I'm going to do something different from the models above and put my thumb on the scale with the estimates. If the model estimates 60.9 crimes on a given, that fractional crime is small relative to the absolute magnitude of crimes. We can add up these fractional remainders, and they may tell us something substantive. However, if the model estimates 1.9 crimes per day, this fraction is large relative to the absolute magnitude of the crimes. Adding up all these fractions results in some significant over-estimation. I'm going to round these fractions back down to the next integer: 0.9 crimes becomes 0, 1.9 crimes becomes 1, etc. This has the result of biasing the errors to be low, but making the absolute counts more accurate.
In [69]:
lm_homicide = smf.ols('Homicide ~ Temperature + Time + C(Week) + C(Weekday)',data=ts).fit()

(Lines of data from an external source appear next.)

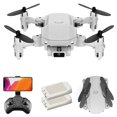 thumbnail image 1 of LS-MIN Mini Drone RC Quadcopter 1080P Cámara 13mins Tiempo de vuelo 360 ° Flip 6-Axis Gyro Gesture P Abanopi Gris 1080P 2 Baterías, 1 of 7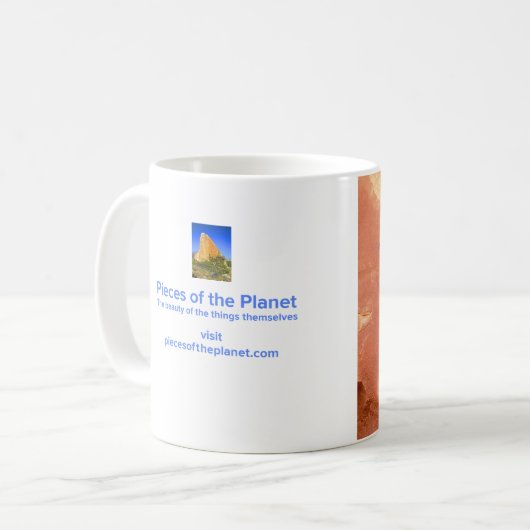 Magic Buck Mug nature art beauté (Devant gauche)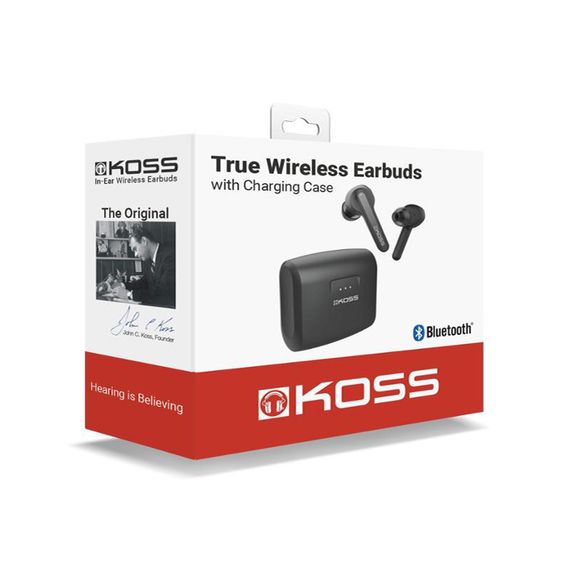 Навушники TWS Koss TWS150i 196594.101 | Зображення 4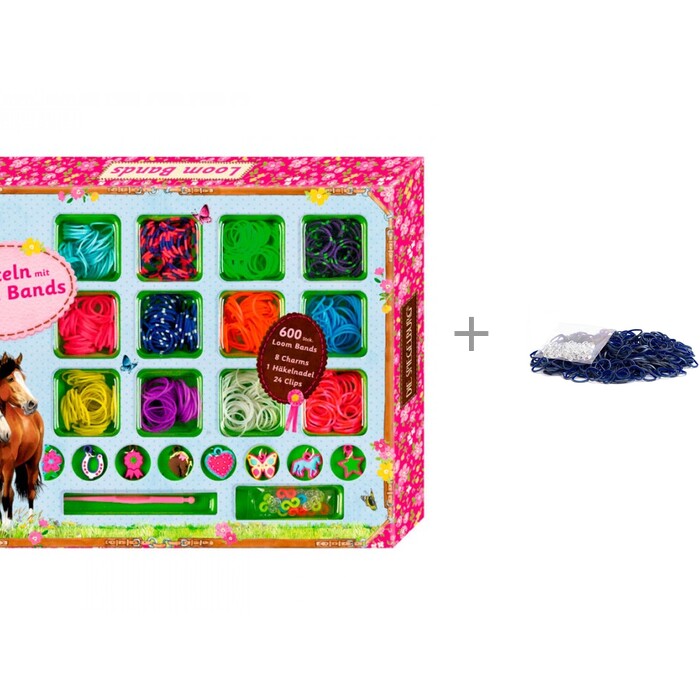  Spiegelburg   Pferdefreunde 12265      600 . Rainbow Loom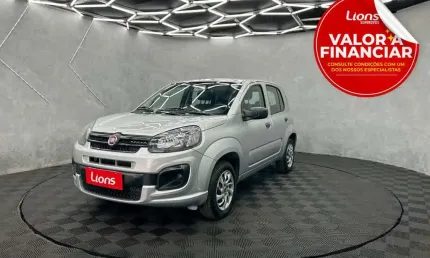 Fiat uno 1.0 fire evo attractive 8v 4p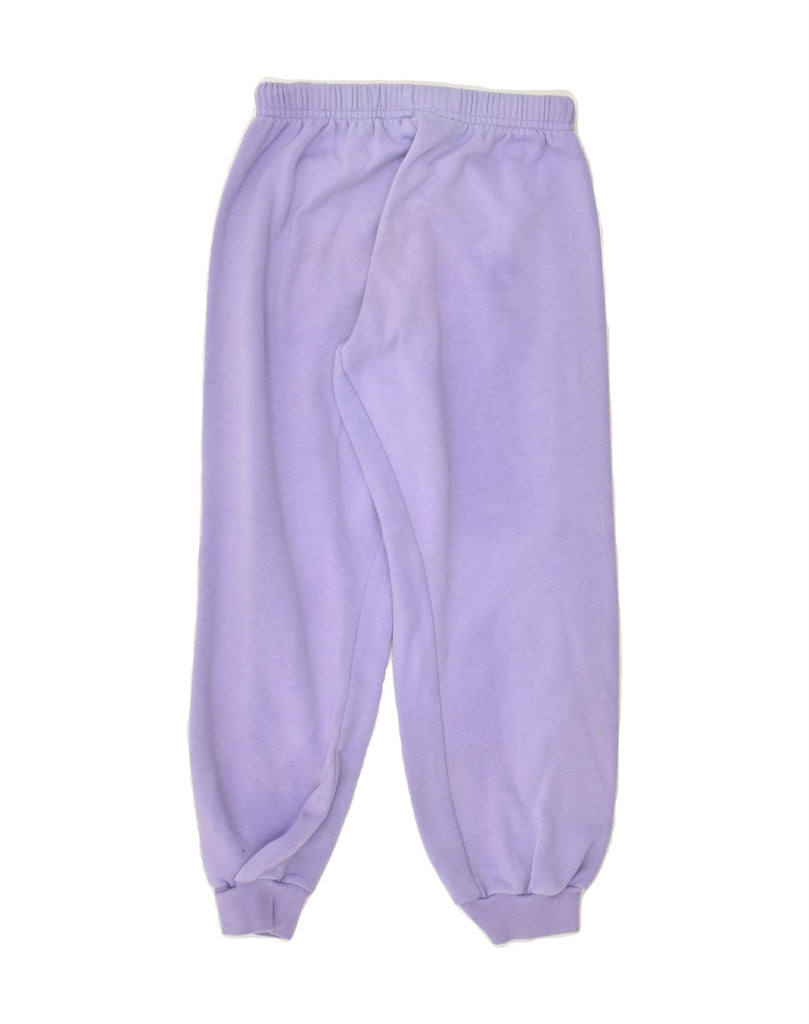 ADIDAS Girls Tracksuit Trousers Joggers 7-8 Years Purple Cotton | Vintage Adidas | Thrift | Second-Hand Adidas | Used Clothing | Messina Hembry 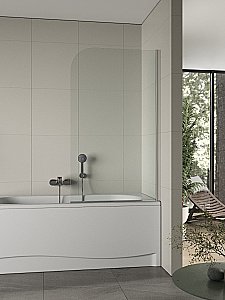 Шторка для ванны Agger A02-080TCR купить в интернет-магазине Sanbest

lm_homicide_x = pd.DataFrame({'Date':pd.date_range('2001-01-01','2014-12-31')})
lm_homicide_x['Temperature'] = sinfunc(arange(len(lm_homicide_x)),*avg_params)
lm_homicide_x['Month'] = lm_homicide_x['Date'].apply(lambda x:x.month)
lm_homicide_x['Week'] = lm_homicide_x['Date'].apply(lambda x:x.week)
lm_homicide_x['Weekday'] = lm_homicide_x['Date'].apply(lambda x:x.weekday())
lm_homicide_x['Time'] = arange(len(lm_homicide_x))
lm_homicide_x = lm_homicide_x.set_index('Date')
std,lower,upper = wls_prediction_std(lm_homicide)
start_date = '2001-01-01'
homicide_pred = pd.DataFrame(index = pd.date_range(start_date,'2014-12-31'))
homicide_pred['Predictions'] = np.floor(lm_homicide.predict(lm_homicide_x.ix[start_date:]))
homicide_pred['Observations'] = ts['Homicide'].ix[start_date:]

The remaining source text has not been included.